Ancak ganimet mallarını taksimde bir sistem gözetilmiyor, yağmalama ve çapulculuk uygulanıyordu. İslâm"la birlikte ganimetlerin dağıtımında çeşitli ilkeler gözetilmiş, ilkel bir uygulama olan yağmacılık yerine ganimet hukuku tesis edilmiştir.59
İslâm"dan önce içki, kumar, fuhuş ve çirkin birtakım eğlence türleri yaygındı. Bu tür faaliyetler yasaklanırken, dine uygun olan birtakım Arap örf ve âdetleri devam ettirilmiş veya bunlarda bazı düzenlemelere gidilmiştir. Nitekim câhiliye döneminde insanlar senede iki defa bayram yaparlar ve bu günlerde eğlenirlerdi. Hz. Peygamber (sav) Medine"ye geldiğinde, “Sizin de eğleneceğiniz iki gününüz vardır. Allah (câhiliyedeki) o günlerin yerine size daha hayırlısını verdi. Bunlar Ramazan ve Kurban Bayramı günleridir.” buyurmuştur.60
Câhiliye döneminde fazilet sayılan bazı davranışlar, İslâm"a uyduğu ölçüde kabul görmüş, tevhid inancına aykırı olmayan insanî ve ahlâkî değerlere müdahale edilmemiş, bazı alışkanlıklar ise İslâmî kurallarla güçlendirilerek sosyal hayatta devamlılıkları sağlanmıştır. Araplar arasında tek Allah"a inanan hanîflerin varlığı; haksızlıkları ve zulümleri engellemek amacıyla kurulan Hilfü"l-füdûl müessesesi; cömertlik, sıla-i rahim, komşuluk, misafirperverlik, ahde vefa ve mürüvvet gibi değerlere önem verilmesi toplumdaki yozlaşmaya rağmen karşılaşılan güzel vasıflardır. Bu yüzden Allah Resûlü, câhiliye devrinde ticaret ortaklığı yaptığı Sâib"e şu tavsiyede bulunmuştur: “Ey Sâib! Câhiliye çağında yaptığın faziletli şeylere İslâm devrinde de devam et. Misafiri ağırla, yetime ikram et ve komşuna iyi davran!” 61 Yine bir defasında kendisine gelerek câhiliye devrinde yaptığı köle azat etmek, sadaka vermek veya akrabaya iyilik yapmak gibi bazı davranışların karşılığı olup olmadığını soran Hakîm b. Hizâm"a, “Sen eskiden yaptığın hayırlarla Müslüman oldun.” cevabını vermiştir.62 “İnsanlar gümüş ve altın madenleri gibi madenlerdir. Câhiliye devrinde hayırlı olanlar, İslâm"da da hayırlıdır. Yeter ki (dini) iyi kavrasınlar.” 63 buyuran Hz. Peygamber, insanların değerlerinin gerçek anlamına vâkıf olup bunlara sahip çıktıklarında her zaman farklı bir yere sahip olacaklarını bildirmiştir.
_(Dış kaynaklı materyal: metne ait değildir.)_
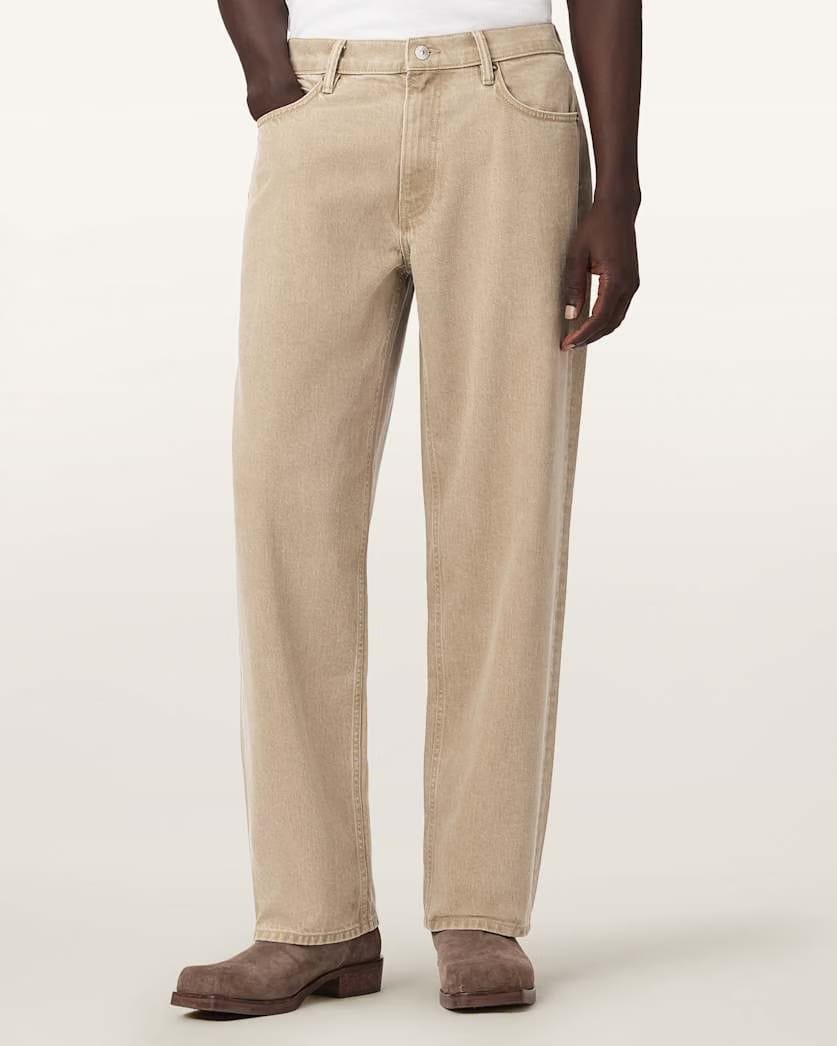 AllSaints Mullen Straight Leg Relaxed Denim Jeans Light Brown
Câhiliye döneminden asr-ı saadete geçişte Allah Resûlü, Arap toplumunda büyük bir dönüşüm gerçekleştirmiştir. Barbarlığın ve bedevîliğin hüküm sürdüğü bir topluluğu büyük bir inkılâp gerçekleştirerek bilgi toplumuna dönüştürmüş, inançta, ahlâkta, hukukta, özetle hayatın her alanında insanları tevhid akidesi etrafında toplamayı başarmıştır.